Uncomment every line shown below, and add a connection string for every instance/server you would like to monitor in the [[inputs.sqlserver]] section. When editing telegraf.conf in the vi editor, search for [[inputs.sqlserver]] by typing “/” followed by “inputs.sqlserver”. Ensure the URL and database name for InfluxDB in the outputs.influxdb section are correct.

servers = [";User Id=telegraf;Password=MyComplexPassword1!;app name=telegraf;"
,";User Id=telegraf;Password=MyComplexPassword1!;app name=telegraf;"]

query_version = 2

urls = [""]
database = "telegraf"

c. Note that the default polling interval in Telegraf is 10 seconds. If you want to change this, i.e. for more precise metrics, you will have to change the interval parameter in the [agent] section in the telegraf.conf file.

d. Once the changes are made, start the service.

sudo systemctl start telegraf

e. Confirm that Telegraf is running.

sudo systemctl status telegraf

Step 9
In Grafana, create the data source for InfluxDB, and import Managed Instance dashboards.

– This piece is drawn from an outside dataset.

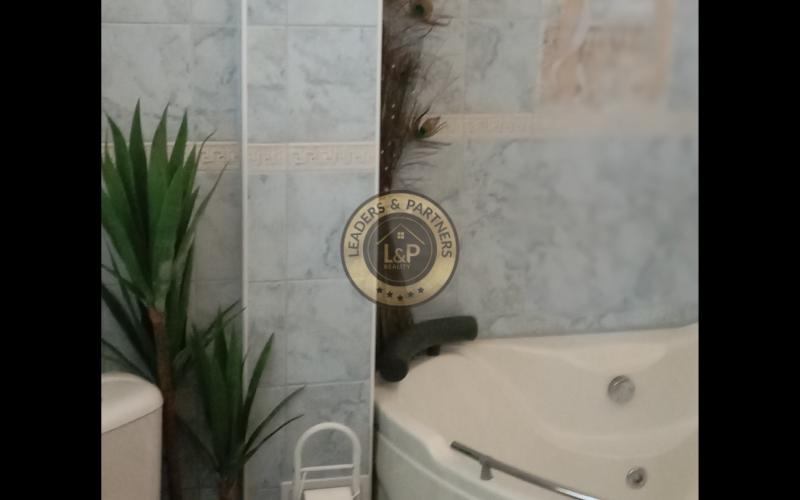 Na PREDAJ priestranný staromestský 3izb byt zo záhradou a dvorom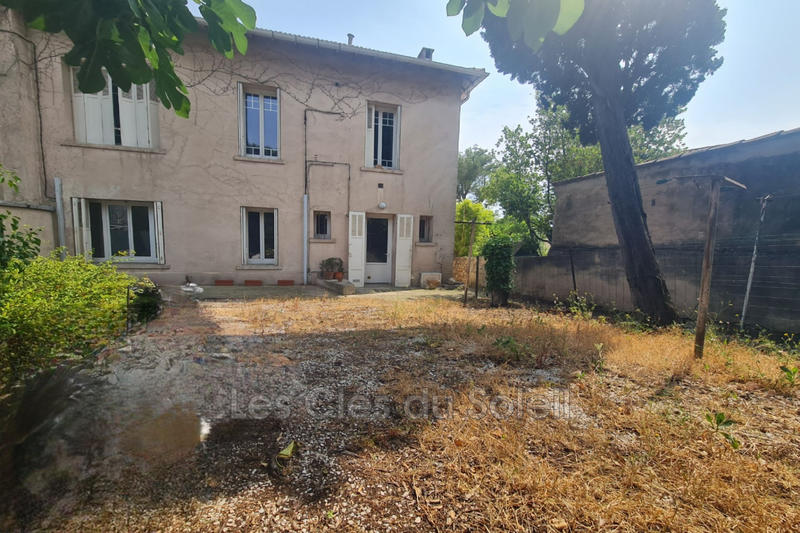 Villa - 180 m² - 6 pièces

In this step, [GRAFANA_HOSTNAME_OR_IP_ADDRESS] refers to the public hostname or IP address of the Grafana VM, and [INFLUXDB_HOSTNAME_OR_IP_ADDRESS] refers to the hostname or IP address of the InfluxDB VM (either public or private) that is accessible from the Grafana VM. If using a single VM for all components, these values are the same.

a. Browse to your Grafana instance - http://[GRAFANA_IP_ADDRESS_OR_SERVERNAME]:3000.

Login with the default user admin with password admin . Grafana will prompt you to change the password on first login.

b. Add a data source for InfluxDB. Detailed instructions are at

Click “Add data source”
Name: influxdb-01
Type: InfluxDB
URL: http://[INFLUXDB_HOSTNAME_OR_IP_ADDRESS]:8086. The default of http://localhost:8086 works if Grafana and InfluxDB are on the same machine; make sure to explicitly enter this URL in the field.
Database: telegraf

Click “Save & Test”. You should see the message “Data source is working”.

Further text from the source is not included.